Hidden for centuries by their anonymity and illiteracy, the people of God—the body of Christ, the church—are finally having their story told, and by some of today's finest historians of the church. The saints, bishops, and theologians of traditional histories can now be placed against the panoramic and fascinating backdrop of the lived religion of ordinary men and women of faith. Highly recommended.

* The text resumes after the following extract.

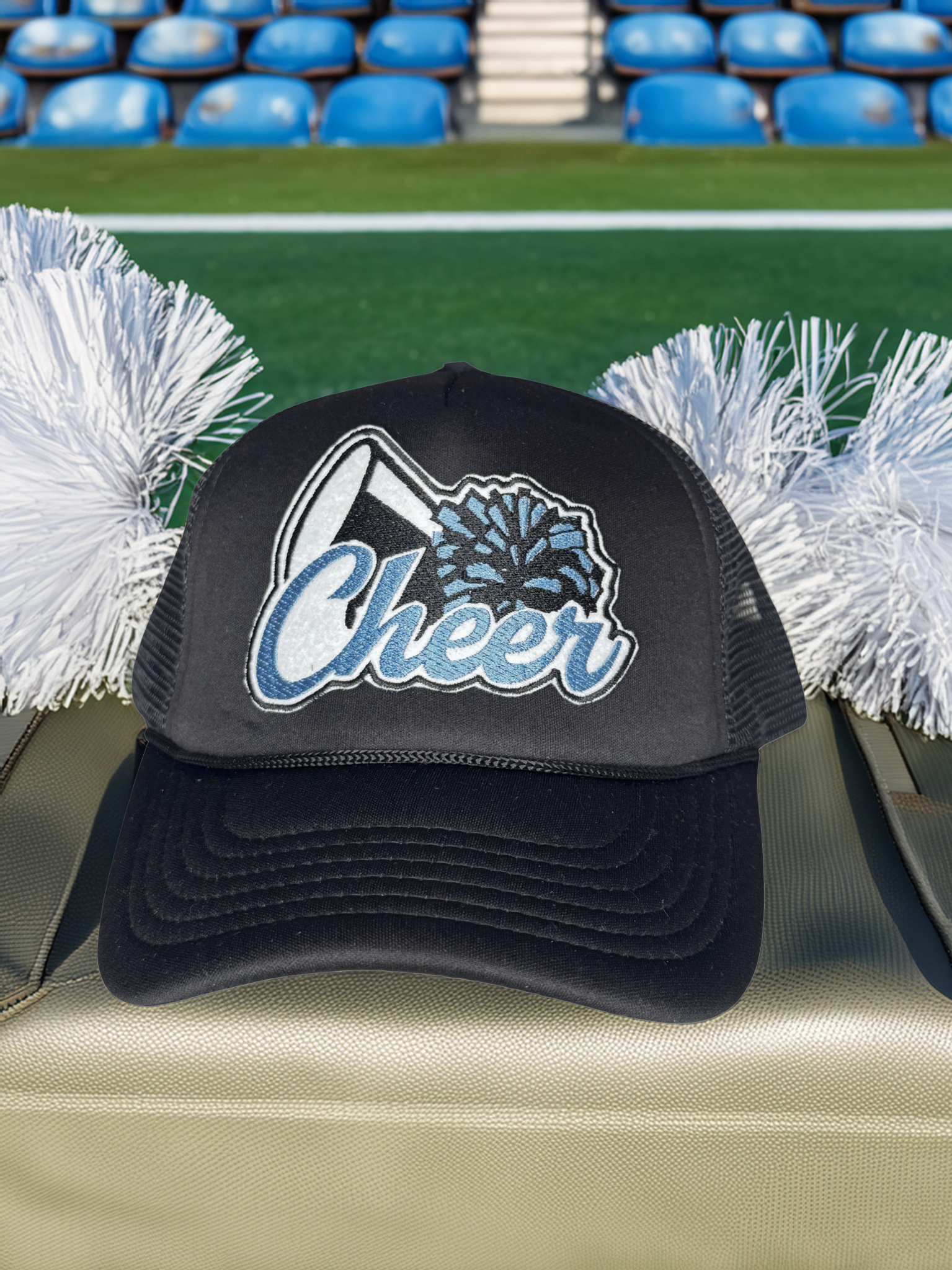 Black cap with 'Cheer' text and pom-poms on a stadium bench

—Mark U. Edwards Jr., advisory member of the faculty of divinity, Harvard Divinity School
. . . this series of books, issuing from editors in whom I have great confidence and many of whose writers I know and respect, ‘turns history upside down’ and reveals what times and events were like for Christians—and sometimes their rivals and enemies—on the ground. Professional historians long neglected this ‘up close’ approach, evidently thinking that the basic folk did not merit attention. Add to that another reason for the failure to take them into account: it is harder to get at the stories and records of their lives. Now, thanks to a generation of historians with interests in ordinary (but really extraordinary) Christians in ages past, these people can be observed as seldom before. While they did not leave documents in the forms of formal creeds, confessions, or concordats, and while their names did not mean as much to cleric–chroniclers of old as did those of bishops, abbots, and emperors, we now have techniques to unearth scraps, snippets, letters, diaries, transactions, which, taken together and treated in expert hands, let us find how exciting their lives are, how misguided decisions were to talk about the elite few and neglect the faithful and faithless many. These stories may come up from the basement of church history, but news about their existence deserves to be shouted from the housetops.
—Martin E. Marty, Fairfax M. Cone Distinguished Service Professor Emeritus of the History of Modern Christianity, University of Chicago Divinity School
Derek Krueger is professor of religious studies and head of the department at the University of North Carolina at Greensboro. Among his many publications is Symeon the Holy Fool: Leontius’s Life and the Late Antique City.